Strengths and limitations

Strengths of this study include the design of this prospective cohort with a representative study population of urban sub-Saharan African women in a lower middle-income country, as public hospitals were included where most women receive maternal care services. The efforts in the design and follow-up are reflected in the high follow-up rate of 83%. To the best of our knowledge, this study is the first to assess MoM reference values in early pregnancy of a sub-Saharan population of PAPP-A and PlGF, as the limited number of studies conducted in sub-Sarahan Africa considered absolute serum concentrations [34-38]. Limitations of this study include the relatively low number of samples (n = 403) compared to other ethnicity studies (in high-income country setting) and our ability to control for some known confounders.
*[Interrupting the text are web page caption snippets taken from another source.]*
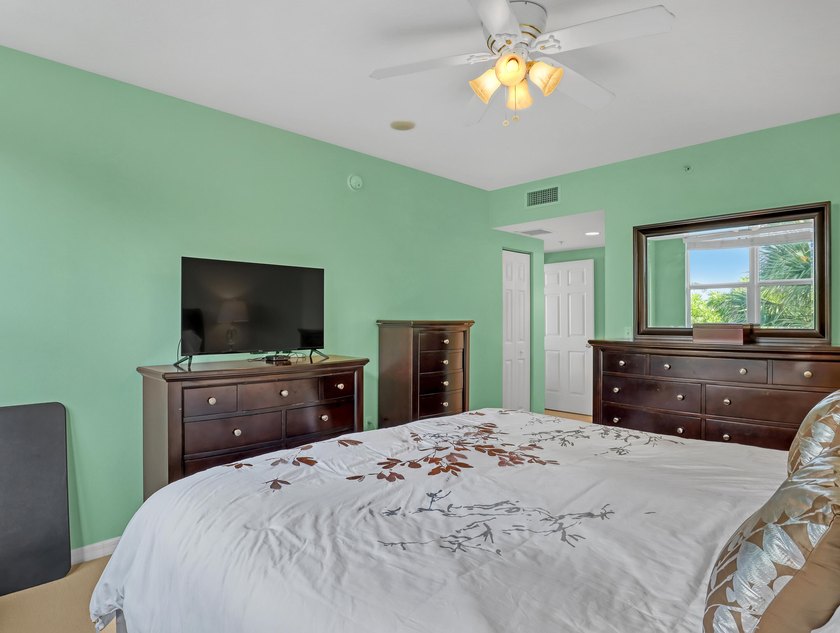 Lots of great perks come with this Marina Village corner unit - photo 21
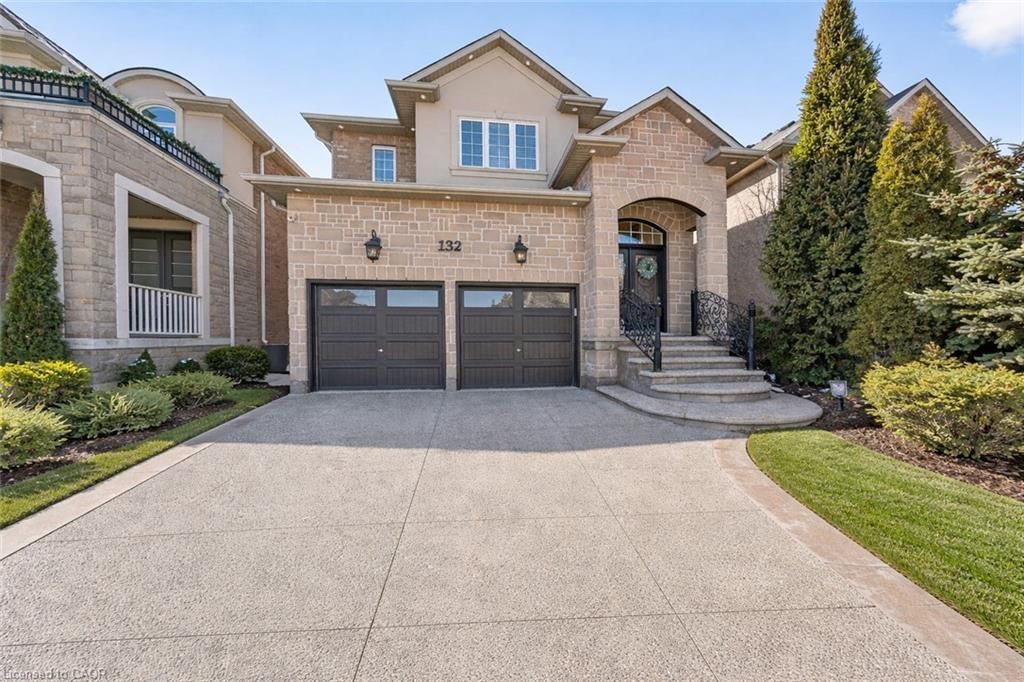 Single Family Residence for sale at 132 Grandell Drive, Ancaster, ON, L9K 0H7 - Meadowlands - MLS: 40809092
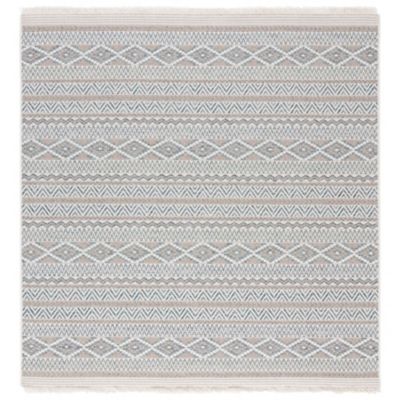 Woven Lattice Indoor/Outdoor Area Rug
This, combined with the inherent bias in gestational age determination in early pregnancy reflected in the preferential rounding, may also explain the high median MoM at week 8, and the absence of a clear upward trend of median PAPP-A MoMs from week 9 to week 13, which is usually observed for PAPP-A. Information about smoking was not available, but unlikely to have affected the results due to the low prevalence among Ghanaian women (0.3%) [39]. Similarly, although aneuploidies were excluded from the analysis, this was based on clinical assessment and not karyotyping. However, given the low incidence of trisomies (<1/1000 live births) [40,41], this will likely not have effected the MoM estimates. Information about method of conception including assisted reproductive technique used was also not available, but expected to be sporadic at best in the participating low resource public hospitals [42]. As in especially middle-income countries assisted reproductive techniques are increasingly available, the effects of these on pregnancy-related biomarkers will be important to consider in the future [42].

Clinical implications

Prenatal screening programs for fetal aneuploidies or placental disorders using biomarkers PAPP-A and PlGF are available in most high resources settings, and increasingly available in low- and middle-income countries. Given the global migration patterns and (increasingly) diverse background of pregnant women [43], ethnicity should be considered in planning and execution of prenatal screening programs. The global burden of maternal and neonatal morbidity and mortality associated with placenta-related disorders such as pre-eclampsia, IUGR and SGA require innovative strategies to optimize antenatal care in resource-constrained settings [19,20,44]. Stratification in antenatal care delivery and targeted interventions for high-risk pregnancies, are a promising approach, but will require the evaluation of predictive properties of in a specific population before implementation.

Conclusion

PAPP-A and PlGF MoM values appear to be substantially higher in a sub-Saharan African population compared to existing reference values. The difference in observed MoM values between Afro-Caribbean and Black Africans suggests the need for a specific correction factor for this population, to avoid underestimation in the risk calculation for placental disorders and fetal aneuploidy.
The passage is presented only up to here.